"Wow! What a wonderful post, Patricia.This is an interesting plot for a Lula romance. Patricia enjoys a few cognacs, but more than one small glass of red wine is anathema to Rob's health. A marriage with problems from the start? Will Patricia be able to sacrifice her penchant for a few glasses of cognac in order to achieve harmonious union with Rob? We're holding our breath for the next episode."
Ray, you simply have to consult with our people who will, in due course, consult with your people. We are ever open to negotiation and the exchange of business ideas. Perhaps LuLa might care to sponsor a boat trip along the Canal du Midi (with full mariner support included, of course, though an adventure by hotel barge instead would save the sponsor money on ancillary staff)?

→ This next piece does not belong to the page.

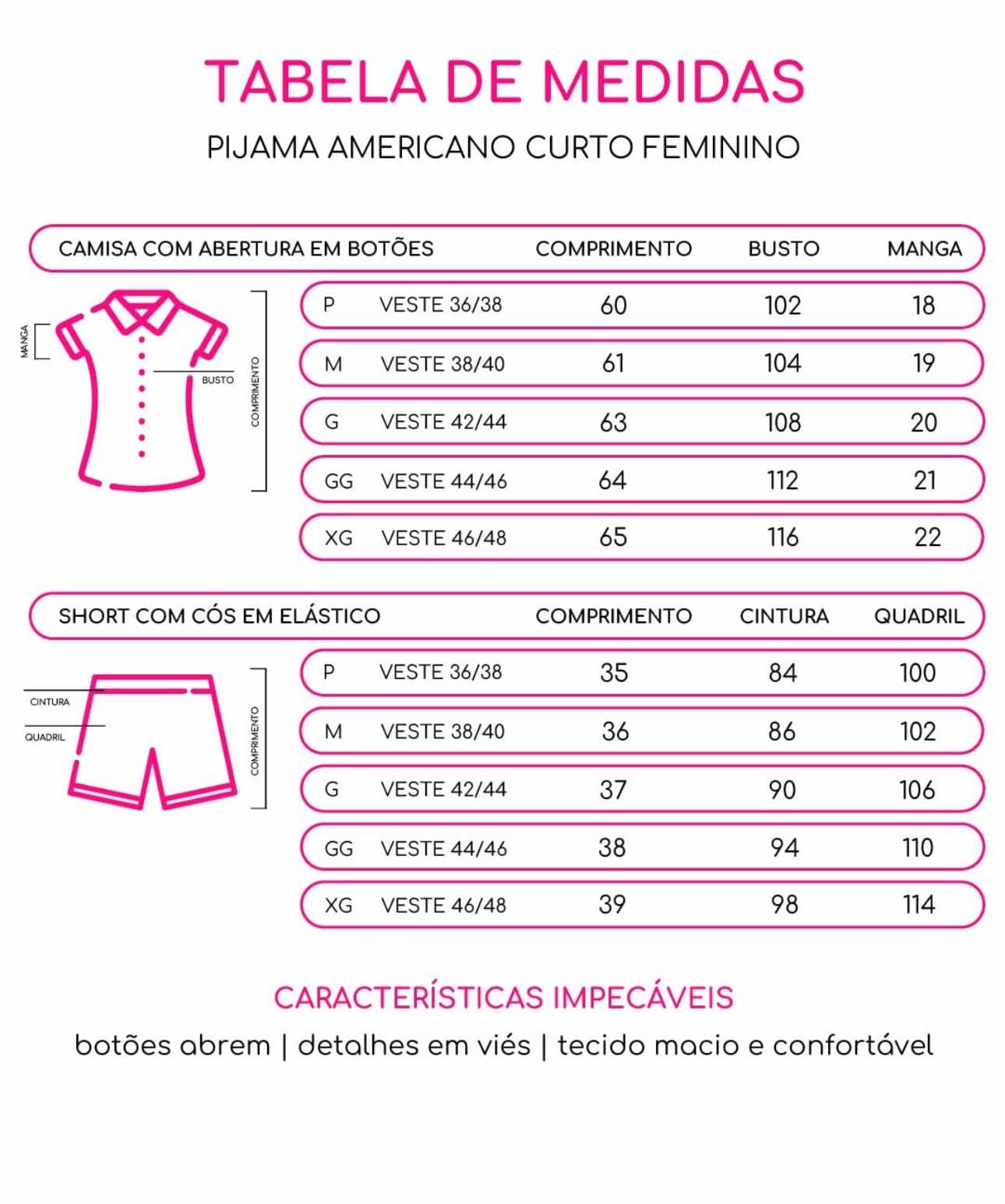 Pijama Americano Curto -  Preto Viés Bege — imagem 3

You know whom to contact.
I wonder about your twin options (I accept you cover your bets by including all the stops in between) as motivators for hanging a photograph, but I suppose there’s truth in both the extremes. Where there is no room for argument, however, is in your belief that your own work is the best. Of course it is. I have always shared that point of view – how else could one face the commercial world with less personal armour than that basic tenet?
“First, the obvious and most prevalent reason to hang any picture on a wall is because it has emotional relevance. It resonates with some past experience. It may be a picture of a dog, one's marriage, one's kids, one's wife, one's graduation ceremony, the Bratislava cup for Ice Hockey, one's father, one's great grandfather, the scene down the road, or even an Ansel Adam's photo of Yosemite because one visited the place and was mightily impressed by the beauty of the scenery, etc etc.”
I think you have posited the main reason for the young hanging posters in their bedroom. However filling the home with photographs of weddings, children, their children (ad infinitum), students wearing grad hats, all of that tends (to me) to smack of obligation rather than personal choice; I sense the presence of dominant others. Those photographs belong in albums or large biscuit tins. As an aside, I worry about the concatenation of dogs, marriage, kids and wife; whatever created that?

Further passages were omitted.